Suas afinidades são visíveis desde os seus primórdios da cultura ocidental, no império
romano, embora nesta época a filosofia não desempenhasse seu papel principal para
promoção e defesa dos direitos humanos.
43
Capítulo 2
Teoria Socialista dos Direitos
Quem quiser ter acesso à teoria marxista do direito e se dirigir, por isso,
aos fundadores do materialismo histórico e dialético, vê-se confrontado
especialmente com duas dificuldades: Marx e Engels, não apresentaram
uma teoria sistemática, fechada, do direito, mas dispersa por toda
obra, fragmentários e dispersos, apenas os primeiros princípios de
uma crítica ao direito da sociedade burguesa. Além disso, na teoria
marxista do direito moderno [...], tanto essas afirmações quanto seu
ulterior desenvolvimento têm de ser entendidas na base da concepção
materialista da história e do método e a crítica marxista como decorrem
do conjunto de toda obra de Marx.
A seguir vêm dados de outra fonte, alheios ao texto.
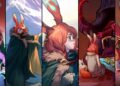 New LoL champion Aurora teased through new item easter egg 5 aurora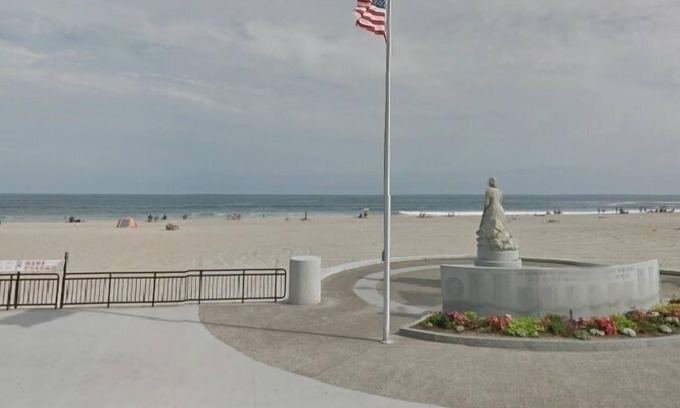 Hampton Condominio | Slice Of Paradise, Hampton Beach, NH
No conjunto da obra de Marx, o
ponto principal reside na crítica da economia política como orientação
teórica da ação prática (MAZUREK, 2002, p. 443).
Dentro de uma perspectiva marxista, Mazurek nos informa que “o tipo comportamental
do sujeito livre só se pode manter teoricamente como base da teoria da liberdade de
contrato (autonomia privada), se ele se basear, exclusiva e diretamente, na troca de
mercadorias e materiais equivalentes” (MAZUREK, 2002, p. 453).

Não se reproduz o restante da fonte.